Kayaks, canoes and paddleboards
Paddling safety and education
Local shops and rentals
More resources
Places to go

 

Kayaks, canoes and SUPs

Paddling offers lots of options, where you go and what you do out on the water. Before you tackle those decisions, though, you will want to decide what you plan to paddle—a canoe, kayak or stand up paddleboard (SUP). That may be easy to answer (or not), depending upon how much background knowledge and experience you already have in paddling.

In many ways, canoes and kayaks are quite similar. Given the wide variety of styles and specialized designs, both types of watercraft allow you to do many—though not all—of the same things. Perhaps one of the biggest differences between the two is that kayaks tend to be lighter and thus easier to store, load on top of a car and carry to the water’s edge. And while both can be operated by one person, kayaks lend themselves to solo travel more easily, and they move through water more quickly. In exchange for the greater weight, of course, canoes tend to be wider, more stable and able to transport multiple people and more gear. In addition, you are more likely to get wet in a kayak because you sit lower and closer to the water.

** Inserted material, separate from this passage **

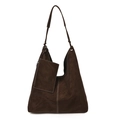 Grande borsa tote vintage caffè scuro in pelle scamosciata con cuciture a contrasto - Marrone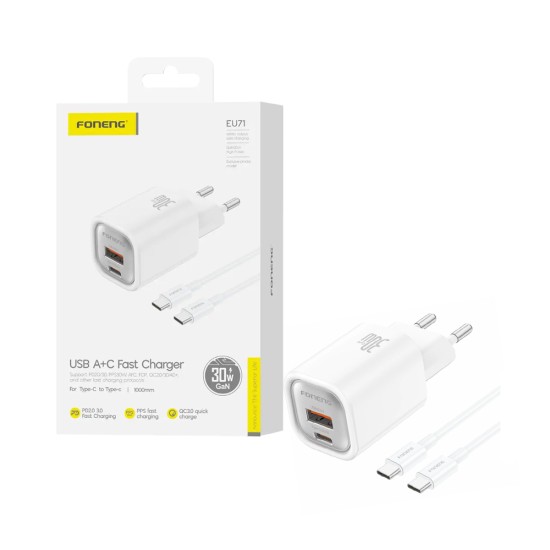 Carregador Foneng EU71 2 Portas USB-A+Tipo-C PD30W com Tipo-c para Tipo-C 1m Branco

If you are interested in venturing beyond placid ponds and sheltered bays, you will want to consider acquiring a sea kayak—sometimes referred to as a touring kayak. These watercraft are built for rougher conditions and longer journeys. They are noticeably longer and narrower than recreational kayaks. Most important, sea kayaks feature a rudder or skeg to help the boat track consistently through wind and waves. They also include features to keep water out of the kayak, such as multiple bulkheads to resist filling the entire boat with water when capsized and a cockpit designed to accommodate a skirt.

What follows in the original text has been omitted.